__YOUR OBJECTIVE__.
In your copy, include no images, and write out every entry below exactly as it stands.

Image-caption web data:
▶
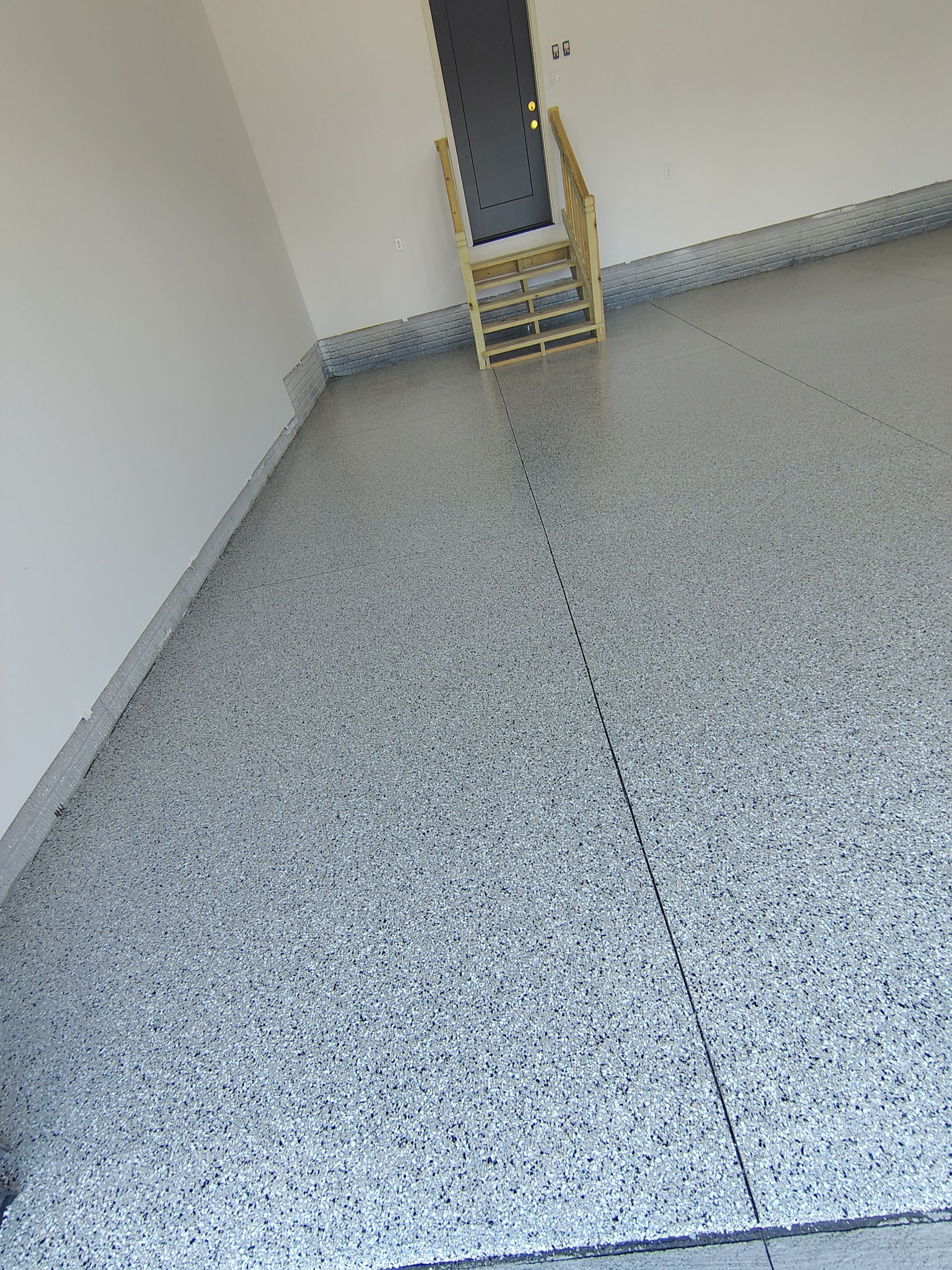 Cabin Fever Decorative Flake Garage Floor Coating in Sioux Falls by Select Painting, Coatings & Garage Cabinets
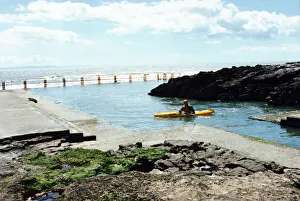 A pool, set amongst the rocks, at Porthcawl front. 8th June 1994 A pool, set amongst the rocks, at Porthcawl front. 8th June 1994
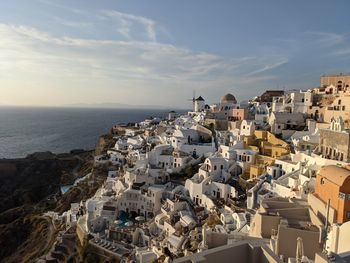 High angle view of townscape by sea against sky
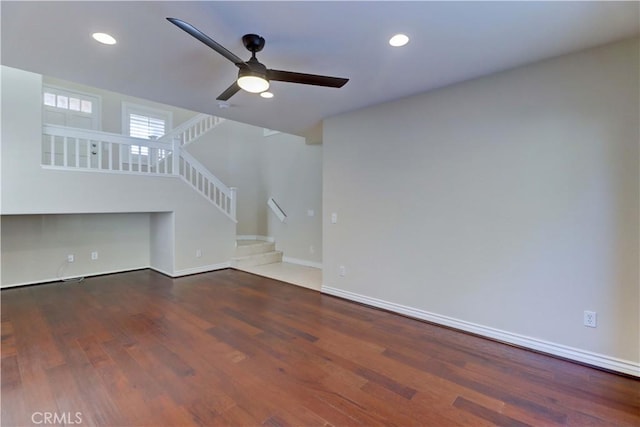 unfurnished living room featuring dark wood-style flooring, recessed lighting, ceiling fan, baseboards, and stairs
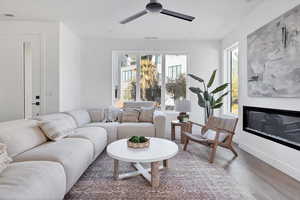 Living room with wood-type flooring and ceiling fan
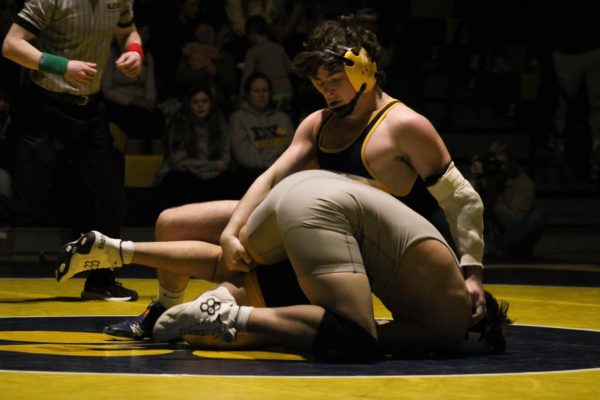 Senior Jacob Edwards defeats Manville wrestler Valentino Velando by major decision in the Group 1 Sectional finals. Del Val's win over Manville left them the only undefeated public school in the state.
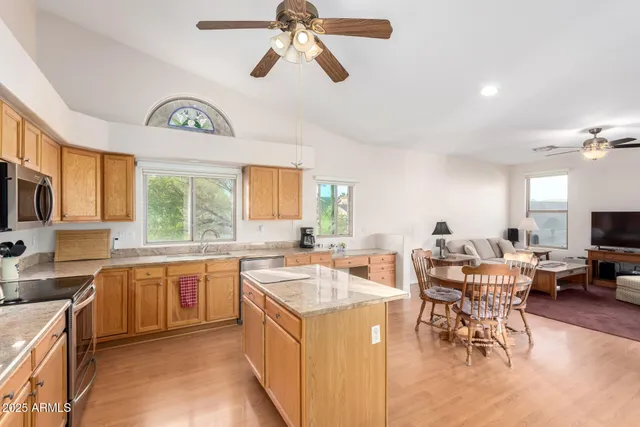 a open kitchen with stainless steel appliances granite countertop a sink and a stove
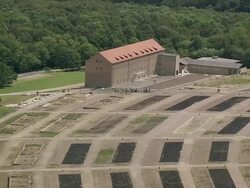 AERIAL Group of people walking through concentration camp grounds, Buchenwald, Germany Stock Footage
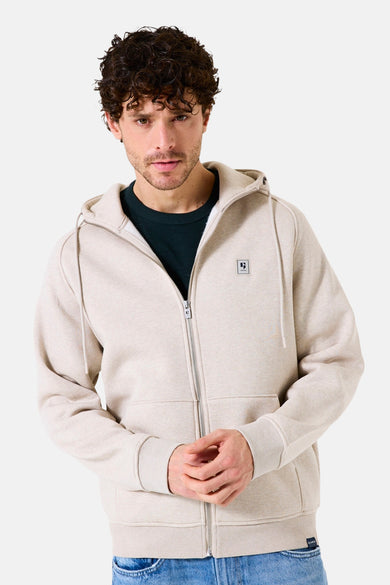 Beige GARCIA gilet, met rits en capuchon met koorden, gedragen over een zwart T-shirt en een blauwe spijkerbroek.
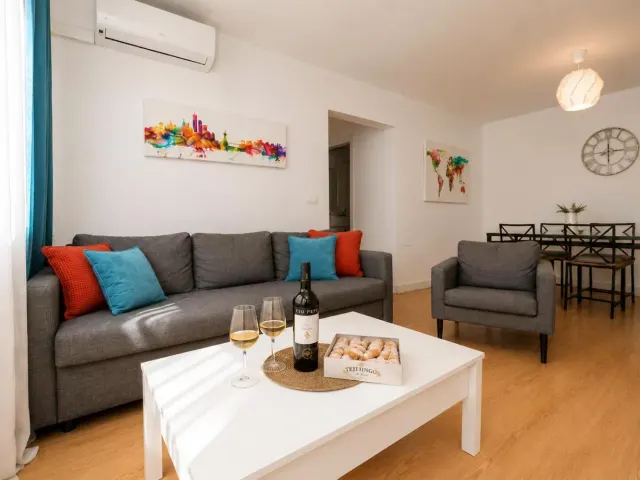 BookNoFees holiday home in Jerez De La Frontera – a living room with a sofa and a table with glasses of wine at Buleria, in Jerez de la Frontera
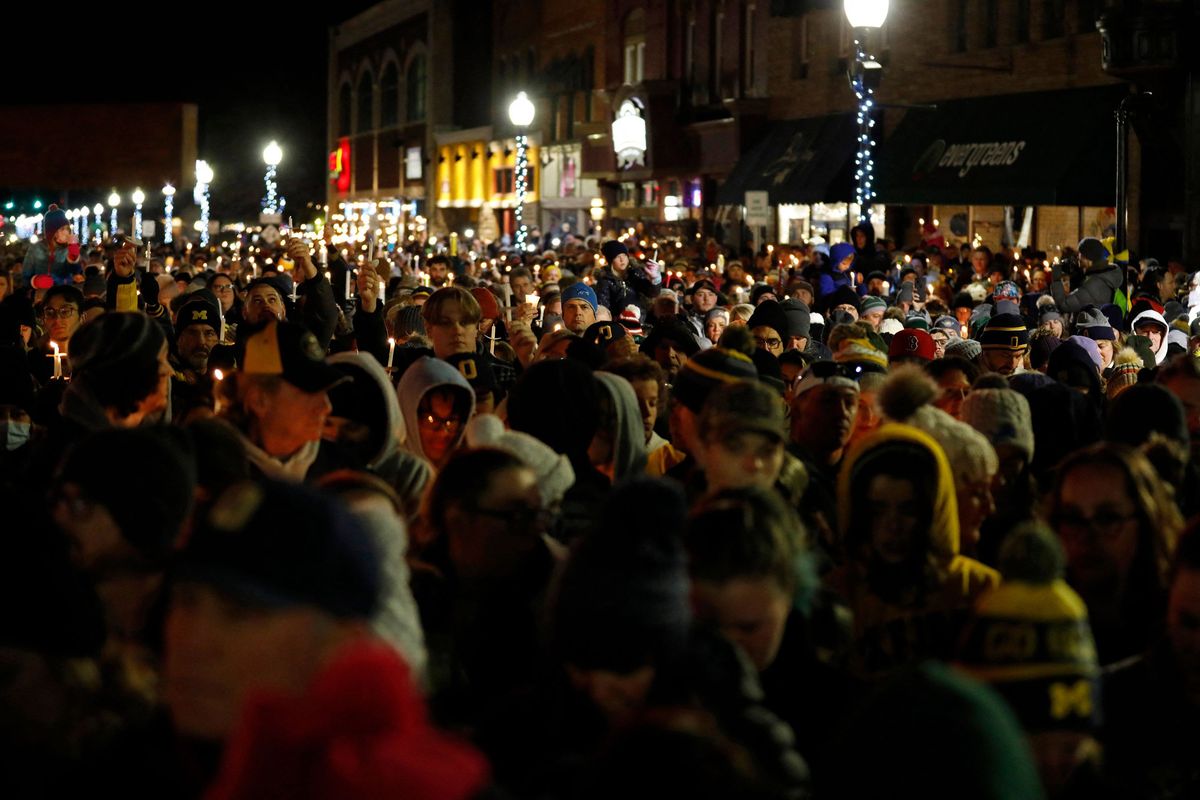People gather for a candlelight vigil for the victims of the Oxford High School shooting in downtown Oxford Township, Mich., on Dec. 3, 2021.  (Jeff Kowalsky/AFP/Getty Images North America/TNS)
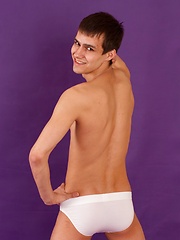 Pretty sporty straight guy is posing in white briefs and socks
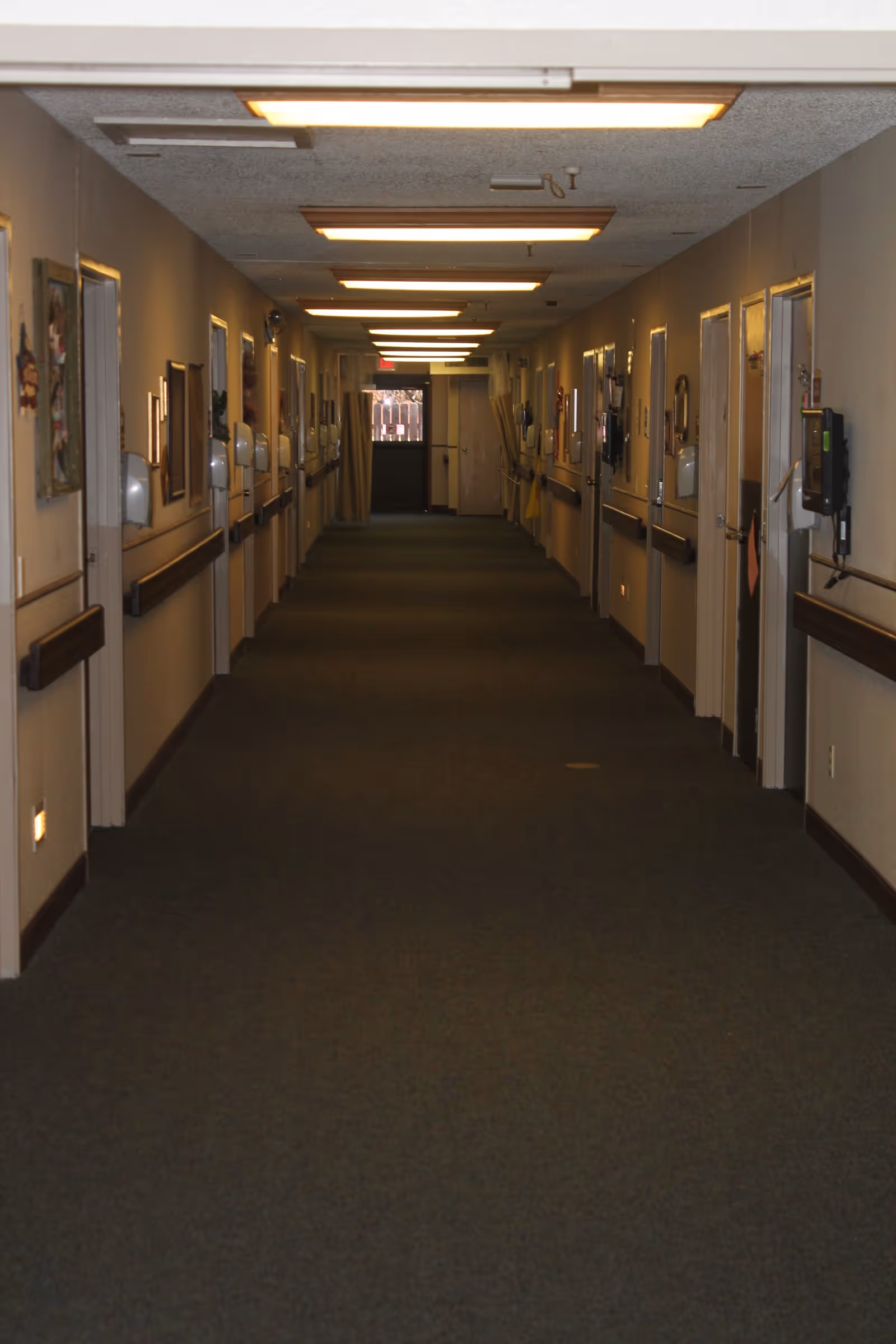 A long, carpeted hallway in a senior living facility with multiple closed doors on both sides. The walls are decorated with framed pictures and there are handrails along the length of the corridor. Ceiling lights illuminate the hallway, and there is an exit door at the far end.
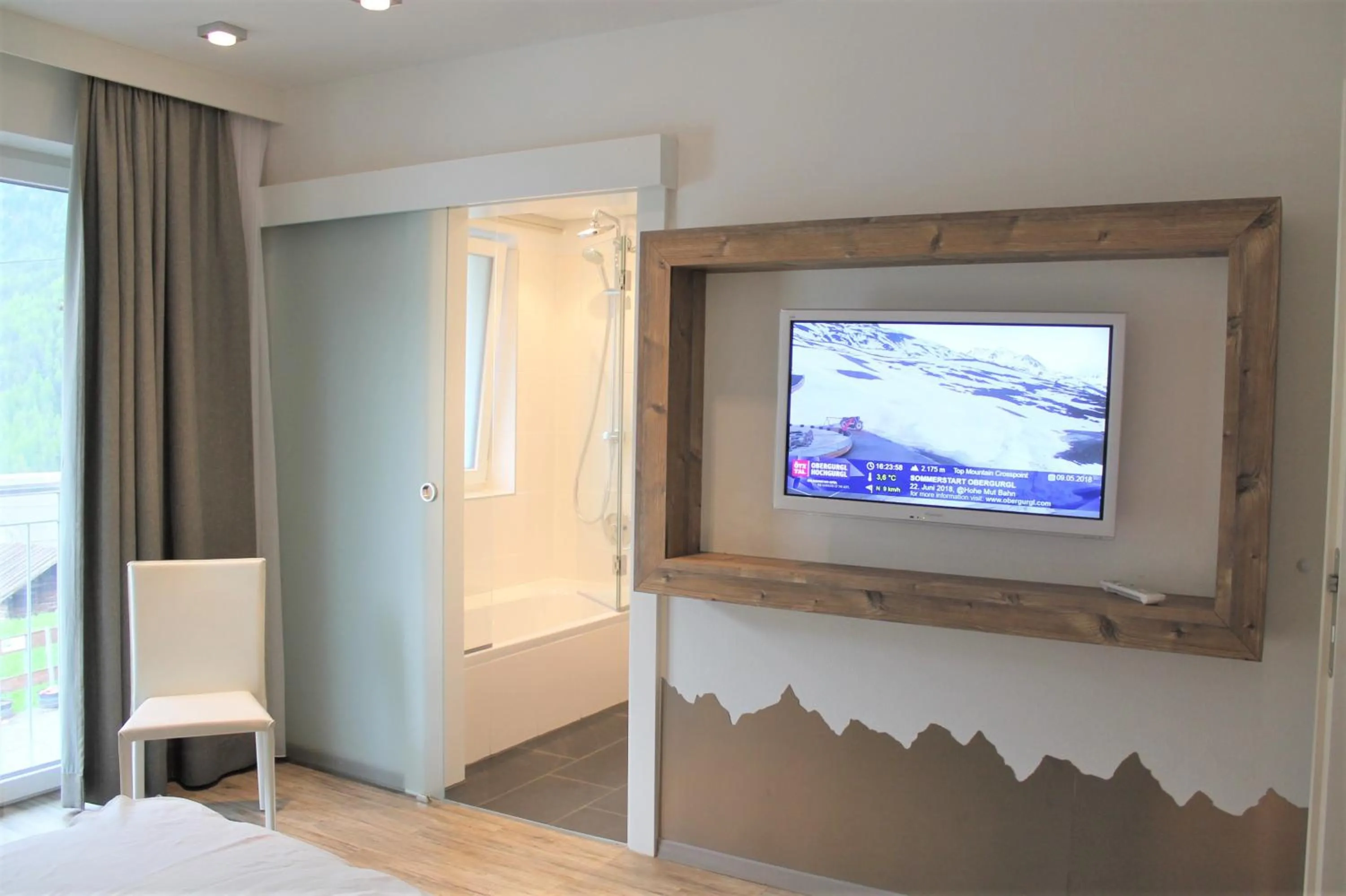 TV and multimedia in Alpendiamond Ski in & Bike Out apartments Top 200, 400 & penthouse 600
◀
__TASK SOLUTION__.
 Cabin Fever Decorative Flake Garage Floor Coating in Sioux Falls by Select Painting, Coatings & Garage Cabinets
 A pool, set amongst the rocks, at Porthcawl front. 8th June 1994 A pool, set amongst the rocks, at Porthcawl front. 8th June 1994
 High angle view of townscape by sea against sky
 unfurnished living room featuring dark wood-style flooring, recessed lighting, ceiling fan, baseboards, and stairs
 Living room with wood-type flooring and ceiling fan
 Senior Jacob Edwards defeats Manville wrestler Valentino Velando by major decision in the Group 1 Sectional finals. Del Val's win over Manville left them the only undefeated public school in the state.
 a open kitchen with stainless steel appliances granite countertop a sink and a stove
 AERIAL Group of people walking through concentration camp grounds, Buchenwald, Germany Stock Footage
 Beige GARCIA gilet, met rits en capuchon met koorden, gedragen over een zwart T-shirt en een blauwe spijkerbroek.
 BookNoFees holiday home in Jerez De La Frontera – a living room with a sofa and a table with glasses of wine at Buleria, in Jerez de la Frontera
People gather for a candlelight vigil for the victims of the Oxford High School shooting in downtown Oxford Township, Mich., on Dec. 3, 2021.  (Jeff Kowalsky/AFP/Getty Images North America/TNS)
 Pretty sporty straight guy is posing in white briefs and socks
 A long, carpeted hallway in a senior living facility with multiple closed doors on both sides. The walls are decorated with framed pictures and there are handrails along the length of the corridor. Ceiling lights illuminate the hallway, and there is an exit door at the far end.
 TV and multimedia in Alpendiamond Ski in & Bike Out apartments Top 200, 400 & penthouse 600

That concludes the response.